Yaşadığımız dünyada hem şirketlerin hem devletlerin dayanıklılık ve sürdürülebilirlik üzerine kurgulamalar yapması gerektiğini vurgulayan Kara, bu noktada Türkiye’nin lider ülke olma yolunda öne çıktığını kaydetti. Böyle bir dünyada Türkiye’nin avantajlı olduğunu aktaran Kara, sözlerini şöyle sürdürdü: “Belirsizliklerle dolu bu dünyada Türkiye hem Doğu ile hem de Batı ile konuşulabilen bir ülke. Fırsatları gerçek anlamda kullanabilmek tehditleri avantaja çevirmek için sürdürülebilir ve öngörülebilir bir makroekonomi istikrara ihtiyaç var. Maalesef Türkiye bu alanda iyi bir sınav veremedi ama yeni ekonomik program bu konuda da önemli bir şans. Bu program uygulanabilirse Türkiye bölgede lider olma potansiyeli taşıyor. Bu yeni programın uygulanabilirliği kat kat önem kazandı.”
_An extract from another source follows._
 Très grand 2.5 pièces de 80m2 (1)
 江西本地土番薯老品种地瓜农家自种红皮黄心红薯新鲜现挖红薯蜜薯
EKONOMİ ÇÖKMESİN DİYE PARA BASTILAR
Missouri Üniversitesi F. A. Hayek iktisat Tarihi Profesörü Prof. Max Gillman, konuşmasında Covid-19 krizi sonrasında enflasyonun küresel olarak yayıldığı tespitini yaptı. Devlet harcamalarının artmasından dolayı ötürü enflasyonun yükseldiğini öne süren Gillman, şu mesajları verdi: “Devlet harcamaları bütçe açıklarını kapatmak için kullanılıyor. Merkez bankası da hazine borcu alıyor. Bu da para basarak oluyor. Bu para arzını artırıyor. Beraberinde enflasyonu getiriyor. Bu kadar ülke Covid-19 ile mücadele ederken harcama krizine girdi. Türkiye’de deprem de yaşandı şubat ayında. Bu da bazı parasal ihtiyaçları beraberinde getirdi. Merkez Bankası daha fazla hazine borcu aldı. Ben kitabı yazdığımda enflasyon yeni yeni oluşuyordu. Fakat 2008 senesi sonrası para arzı hızlanmıştı. ABD’de yaşanan terör saldırısından sonra da böyle olmuştu. ABD’de dramatik bir şekilde para arzını artırmışlardı. Amacı da aslında küresel finans sektörünün çöküşünü engellemekti. Ama bunu 3 yıl boyunca artırmayı sürdürdüler. Faiz oranları da düşüşe geçti. Para arzını artırdığınız zaman faiz oranları düşer. Ama enflasyon oluştuğunda enflasyon oranıyla faiz oranlarının uygun hale gelmesi lazım. Faiz oranı enflasyon oranının altına düştü 3 yıl boyunca, 2002-2004 yıllarında. Sonra da hadi faiz oranlarını artıralım dediler. 3 yıl boyunca yüzde 1’den mortgage almışlardı. Sonra değişken faiz oranları olan mortgage’lar yüzde 4’e çıkınca etkilendi. Bütün bu faiz oranları bir anda artınca 2008 yılında bu kriz yaşandı.”